How Stands the Dispensation? 50 Variations On A Theme
As an overall title for this large collection of essays on the nature of the church in the latter days, the above title seemed appropriate. Each of these essays has its own title and named subsections, altogether providing quite a list of topics. These essays were written over the past two years after studying various aspects of church doctrine and administration for the past 20 years. As I went along, my research knowledge grew and my attitudes changed as a result, sometimes weekly. That constant changing of viewpoint would logically mean that these essays are not necessarily consistent with each other, and may or may not cover all the topics I had in mind. Going back now to make sure I covered all the ground I intended to cover, while modifying all the essays to make them consistent with each other would be quite a task. I may have to let this project sit for a while before I would feel up to going the next step.
Without really intending it, I seem to have gradually invented a different kind of apologetics. I find myself defending the true and complete scriptural gospel against, and taking issue with, the LDS church, which has revised the original gospel so much, apparently for its own convenience, that it is almost unrecognizable in many areas when compared to the gospel restored and taught by Christ and by Joseph Smith. In many important cases, the gospel tenets taught by the existing church are exactly the opposite of original gospel teaching and practice.

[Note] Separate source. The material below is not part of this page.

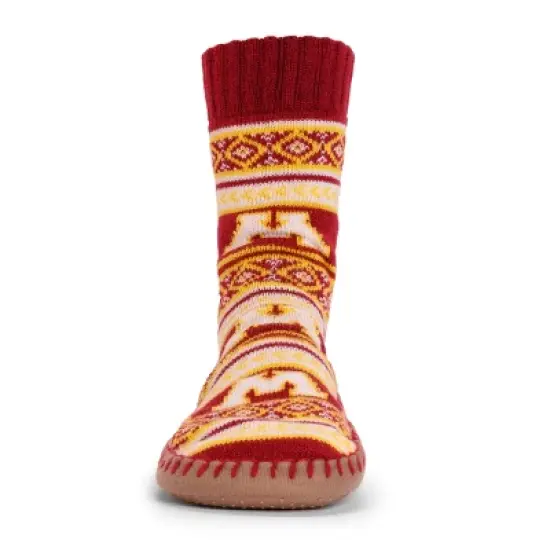 Minnesota Game Day Unisex Slipper Socks image {1}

In more normal apologetics, we might find people almost completely polarized, with one side vigorously defending the current interpretation of the gospel as put forward by church leaders, as against those who may be strongly and even mercilessly dissenting from the current church headquarters interpretation, or who may be representing a completely different faith tradition. It is often true that the actual truth is found somewhere in between the polarized arguments. That could be true in my case as well, as a three-way, four-way, or five-way discussion could help clarify all the issues and answers.
Much to my surprise, I find myself in this "internal apologetics" position. I believe it has special merit because I also believe that, however difficult it may prove to be, it is theoretically possible to get the church back in sync with the gospel, and then proceed to do what was always intended that the church would do, that is, to create a gospel-based civilization that can usher in the millennial era.